(no title)
clarry | 5 years ago
To be clear, I don't think they even tried, as far as DX:HR is concerned. Instead, it looks like they tried hard to borrow ideas from these mainstream console games and made an anti-immersive "sim" that constantly takes you into third person, floods the screen with XP & loot popups and other UI noise, replaces melee weapons with "tap E to watch a mini-cutscene where MC beats up a guy", features busywork-filler-padding sidequests for the instant gratification RPG addicts, etcetra.
I think, if someone actually tried, this is a proven niche where one could definitely find some success.
As far as the FPS genre is concerned: boy do people nitpick them. You can point at a handful of super popular titles, and for each, there's a mountain of forgotten and thoroughly mediocre (or worse) first person shooters.
There's no single genre where success is for granted.

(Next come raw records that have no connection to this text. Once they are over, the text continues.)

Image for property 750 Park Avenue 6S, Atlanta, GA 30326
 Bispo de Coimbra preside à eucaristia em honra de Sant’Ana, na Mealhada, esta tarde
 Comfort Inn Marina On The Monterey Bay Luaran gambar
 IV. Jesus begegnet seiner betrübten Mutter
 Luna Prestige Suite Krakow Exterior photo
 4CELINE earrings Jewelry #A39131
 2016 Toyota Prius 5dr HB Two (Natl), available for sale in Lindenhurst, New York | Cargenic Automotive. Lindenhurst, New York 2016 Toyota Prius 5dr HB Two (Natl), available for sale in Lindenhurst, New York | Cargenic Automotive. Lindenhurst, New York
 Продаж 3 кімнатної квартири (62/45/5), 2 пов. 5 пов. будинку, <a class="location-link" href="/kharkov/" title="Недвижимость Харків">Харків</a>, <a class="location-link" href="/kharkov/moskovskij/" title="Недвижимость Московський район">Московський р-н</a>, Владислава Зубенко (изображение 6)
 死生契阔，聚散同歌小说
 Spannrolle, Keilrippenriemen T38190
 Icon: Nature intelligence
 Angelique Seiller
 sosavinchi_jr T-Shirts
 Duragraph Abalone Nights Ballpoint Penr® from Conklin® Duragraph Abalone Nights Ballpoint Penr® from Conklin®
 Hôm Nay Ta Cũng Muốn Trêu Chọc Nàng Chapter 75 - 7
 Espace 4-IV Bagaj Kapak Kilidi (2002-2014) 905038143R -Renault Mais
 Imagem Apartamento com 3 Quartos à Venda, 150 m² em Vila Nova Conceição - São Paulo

In general, there's a long tail of games that get little attention and a small bunch of "rockstars" that everyone plays.
dageshi|5 years ago
As for genres, your point about only x number of games becoming a success is taken, but I guess my counter to that is, if you become a success in the shooter genre the upside is 10x or 100x what it would be for an immersive sim because the market for fps is much much bigger than those for immersive sims.
clarry|5 years ago
I might be a fan, but I rarely buy new games myself, so extrapolating anything at all from my gaming habits probably tells nothing about the market at large. I generally don't buy any new game unless it's DRM-free, has native Linux support OOTB, and doesn't come with crazy overpriced moneygrab editions or a shitload of DLC.